# Mini z cars and accessories



## mad_51_dog (Dec 2, 2004)

Where is the best place on the net to purchase a Mini z F1 and accessories for oval racing?


----------



## okracer (Mar 11, 2002)

tower hobbies


----------



## wcrotty (Sep 25, 2001)

Tower doesn't sell mini-zs any more.

What parts are you looking for?

Send me email [email protected]


----------



## jozimoto (May 2, 2003)

Check out http://www.cpminiraceway.com/index.html For some of the accessories


----------



## jozimoto (May 2, 2003)

One of the problems right now is getting the F1 doner car.


----------



## mad_51_dog (Dec 2, 2004)

I am looking to get into the mini z craze and I cannot find the Kyosho Mini Z FI anywhere. The place where I want to race turns them into nascar simulated race cars.
I am not even sure if Kyosho is the best solution to 18th scale racing. I run 1/10 oval and I want to buy a top level car and all I hear about is the kyosho Mini Z f1. If you have any other suggestions, I am open. Thanks for the help.
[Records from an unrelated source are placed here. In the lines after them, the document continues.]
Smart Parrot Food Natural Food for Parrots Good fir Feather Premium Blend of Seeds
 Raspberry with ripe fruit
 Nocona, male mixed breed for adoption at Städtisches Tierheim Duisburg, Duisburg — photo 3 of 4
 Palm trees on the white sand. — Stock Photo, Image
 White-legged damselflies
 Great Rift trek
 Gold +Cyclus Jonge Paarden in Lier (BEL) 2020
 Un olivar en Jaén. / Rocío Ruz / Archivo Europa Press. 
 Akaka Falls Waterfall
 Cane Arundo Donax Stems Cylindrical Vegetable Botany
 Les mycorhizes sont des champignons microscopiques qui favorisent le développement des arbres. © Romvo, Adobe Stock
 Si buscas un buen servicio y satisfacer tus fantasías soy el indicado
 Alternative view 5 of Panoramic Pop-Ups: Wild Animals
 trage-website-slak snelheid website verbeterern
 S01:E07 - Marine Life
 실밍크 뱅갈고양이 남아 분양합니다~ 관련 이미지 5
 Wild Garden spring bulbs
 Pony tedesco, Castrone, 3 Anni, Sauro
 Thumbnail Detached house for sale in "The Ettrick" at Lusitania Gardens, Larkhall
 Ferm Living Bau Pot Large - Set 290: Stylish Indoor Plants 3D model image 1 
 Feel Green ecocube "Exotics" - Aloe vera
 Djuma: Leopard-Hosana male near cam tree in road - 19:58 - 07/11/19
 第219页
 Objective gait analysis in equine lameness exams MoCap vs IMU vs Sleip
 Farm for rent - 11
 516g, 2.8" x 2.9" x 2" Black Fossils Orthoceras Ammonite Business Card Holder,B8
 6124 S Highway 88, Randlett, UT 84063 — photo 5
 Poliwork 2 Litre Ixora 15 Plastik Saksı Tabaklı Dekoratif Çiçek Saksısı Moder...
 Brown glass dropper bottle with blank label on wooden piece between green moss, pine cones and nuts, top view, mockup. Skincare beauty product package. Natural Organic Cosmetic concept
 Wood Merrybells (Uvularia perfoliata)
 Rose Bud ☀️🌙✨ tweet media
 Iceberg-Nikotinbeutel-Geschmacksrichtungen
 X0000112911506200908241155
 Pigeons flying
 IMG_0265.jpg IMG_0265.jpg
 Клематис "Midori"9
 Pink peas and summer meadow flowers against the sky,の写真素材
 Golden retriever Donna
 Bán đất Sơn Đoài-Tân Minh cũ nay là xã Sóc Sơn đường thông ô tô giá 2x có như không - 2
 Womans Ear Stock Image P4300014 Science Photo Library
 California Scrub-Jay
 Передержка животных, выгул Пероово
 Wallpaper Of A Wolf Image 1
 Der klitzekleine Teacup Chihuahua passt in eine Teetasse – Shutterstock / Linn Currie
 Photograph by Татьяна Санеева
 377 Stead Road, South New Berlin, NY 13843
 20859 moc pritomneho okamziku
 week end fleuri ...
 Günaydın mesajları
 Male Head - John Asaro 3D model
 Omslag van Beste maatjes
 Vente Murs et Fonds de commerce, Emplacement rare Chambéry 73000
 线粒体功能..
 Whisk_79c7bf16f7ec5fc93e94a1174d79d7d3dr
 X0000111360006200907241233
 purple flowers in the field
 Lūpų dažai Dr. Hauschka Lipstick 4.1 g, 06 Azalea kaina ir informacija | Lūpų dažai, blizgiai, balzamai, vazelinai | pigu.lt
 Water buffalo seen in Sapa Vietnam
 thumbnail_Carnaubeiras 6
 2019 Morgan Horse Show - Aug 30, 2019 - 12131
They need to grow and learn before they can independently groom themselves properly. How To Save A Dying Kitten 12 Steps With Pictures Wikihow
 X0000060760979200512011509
Hey Jo, do you race at franks trains and hobbies?


----------



## okracer (Mar 11, 2002)

so can you get the mini z s new anymore


----------



## wcrotty (Sep 25, 2001)

yes we can get new mini-z direct from kyosho.


----------



## mad_51_dog (Dec 2, 2004)

WC, you can get the mini z's from Kyosho or anyone can order from kyosho?


----------



## wcrotty (Sep 25, 2001)

Our hobby shop gets them from kyosho.

Just let me know what you want and i can hook you up with great prices.


----------



## jozimoto (May 2, 2003)

mad_51_dog said:


> Hey Jo, do you race at franks trains and hobbies?




Yes I Do 

Check out http://p098.ezboard.com/fsnowbirdnationalsfrm13


----------



## jozimoto (May 2, 2003)

Kevin at Franks has been trying to get the F1s but they just havent come in yet.


----------



## mad_51_dog (Dec 2, 2004)

Jo, I used to race 1/10 oval on saturday nights at Franks old place. I just do not want to drive all the way to manatee on sunday's to race my oval car. This mini Z thing seems pretty big and I thought it looks like fun. Once you get the F1 and the conversion kit, what other accessories do you need?


----------



## jozimoto (May 2, 2003)

Most of us run the Kyosho X speed motor. The graphite rear plates that come with the conversion are stiff. There is a medium and soft set which are available to tune the rear end. Assorted springs for the front suspension. Do you have a M8 TX because they make a module so you can use it with the mini Z. I use it but its not necessary. I just don't like the stock tx.
Oh yeah you have to get a plug to tap in to the batteries to power the Transponder for lap counting. We use the AMB personal transponders as the self contained ones are too big. Transponders are at the track or you can use your own if you have one. Rear tire are 23 slicks and there are many different tire combos for the front. Every one uses 23s on the back. Come on down and check it out on Wednesday nights. We usually get started about 6:30- 6:45. WE have a good group and alot of fun!


----------



## mad_51_dog (Dec 2, 2004)

I am going to try and get down there in the next couple of weeks. Where do you get the module for the M8? I have my own transponder, where can you get the plug for the transponder?


----------



## jozimoto (May 2, 2003)

I got my module from Tower Hobbies.http://www2.towerhobbies.com/cgi-bin/wti0001p?&I=LXCHB7**&P=0
Kevin at Franks has the plugs for couple of bucks


----------